Total assets decreased $53.9 million for the fourth quarter and $307.4 million, or 13.4%, during 2011. The decrease in total assets for the year was primarily related to the decrease in loans and deposits. Gross loans held-for-investment decreased $149.6 million, or 9.3%, during 2011, and total deposits decreased $289.1 million, or 14.3%. This deposit decrease continues to be mostly higher-cost time deposits, as our non-interest bearing demand deposits continue to increase in volume. Brokered deposits remain a relatively small portion of the Company's funding sources, representing only 2.8% of total deposits at December 31, 2011, a continued decrease from the level at September 30, 2011.
The Bank remains well-capitalized for regulatory purposes.
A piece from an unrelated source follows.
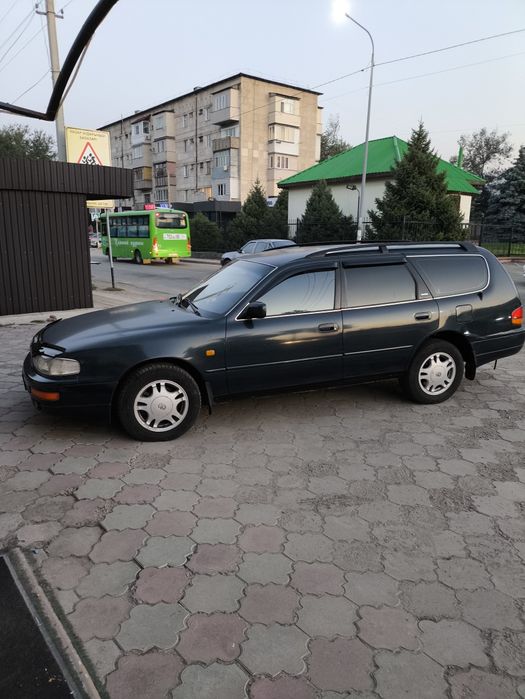 Тойота Камри универсал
As of December 31, 2011, the Bank's leverage ratio, Tier 1 risk-based capital ratio, and total risk-based capital ratio were 8.0%, 10.2%, and 11.5%, respectively. Leverage ratio, Tier 1 risk-based capital ratio, and total risk-based capital ratio were 8.3%, 10.6%, and 11.8% respectively, for the holding company as of December 31, 2011. For capital adequacy purposes, leverage ratio, Tier 1 risk-based capital ratio, and total risk-based capital ratio must be in excess of 5.00%, 6.00%, and 10.00%, respectively, to be considered well-capitalized. The improvement in capital ratios, at both the holding company and the Bank, is due to the Company's second consecutive quarter of profitability.
Yadkin Valley Financial Corporation will host a conference call at 10:00 a.m. EST on Thursday, January 26, 2012 to discuss financial results, business highlights, and outlook. The call may be accessed by dialing 877-359-3650 at least 10 minutes prior to the call. A webcast of the call audio and accompanying visual aids may be accessed at . A replay of the call will be available until February 3, 2012 by dialing 855-859-2056 or 404-537-3406 and entering access code 46031603.
About Yadkin Valley Financial Corporation
Yadkin Valley Financial Corporation is the holding company for Yadkin Valley Bank and Trust Company, a full-service community bank providing services in 34 branches throughout its two regions in North Carolina and South Carolina. The Western Region serves Avery, Watauga, Ashe, Surry, Wilkes, Yadkin, and Iredell Counties. The Southern Region serves Durham, Orange, Granville, Mecklenburg, and Union Counties in North Carolina, and Cherokee and York Counties in South Carolina. The Bank provides mortgage lending services through its subsidiary, Sidus Financial, LLC, headquartered in Greensboro, NC. Securities brokerage services are provided by Main Street Investment Services, Inc., a Bank subsidiary with four offices located in the branch network. Yadkin Valley Financial Corporation's website is . Yadkin Valley shares are traded on NASDAQ under the symbol YAVY.
FORWARD-LOOKING STATEMENTS
Certain statements in this news release contain "forward-looking statements" within the meaning of the Private Securities Litigation Reform Act of 1995, such as statements relating to future plans and expectations, and are thus prospective. Such forward-looking statements include but are not limited to (1) statements regarding potential future economic recovery, (2) statements with respect to our plans, objectives, expectations and intentions and other statements that are not historical facts, and (3) other statements identified by words such as "believes," "expects," "anticipates," "estimates," "intends," "plans," "targets," and "projects," as well as similar expressions. Such statements are subject to risks, uncertainties, and other factors which could cause actual results to differ materially from future results expressed or implied by such forward-looking statements. Although we believe that the assumptions underlying the forward-looking statements are reasonable, any of the assumptions could prove to be inaccurate. Therefore, we can give no assurance that the results contemplated in the forward-looking statements will be realized. The inclusion of this forward-looking information should not be construed as a representation by our company or any person that the future events, plans, or expectations contemplated by our company will be achieved.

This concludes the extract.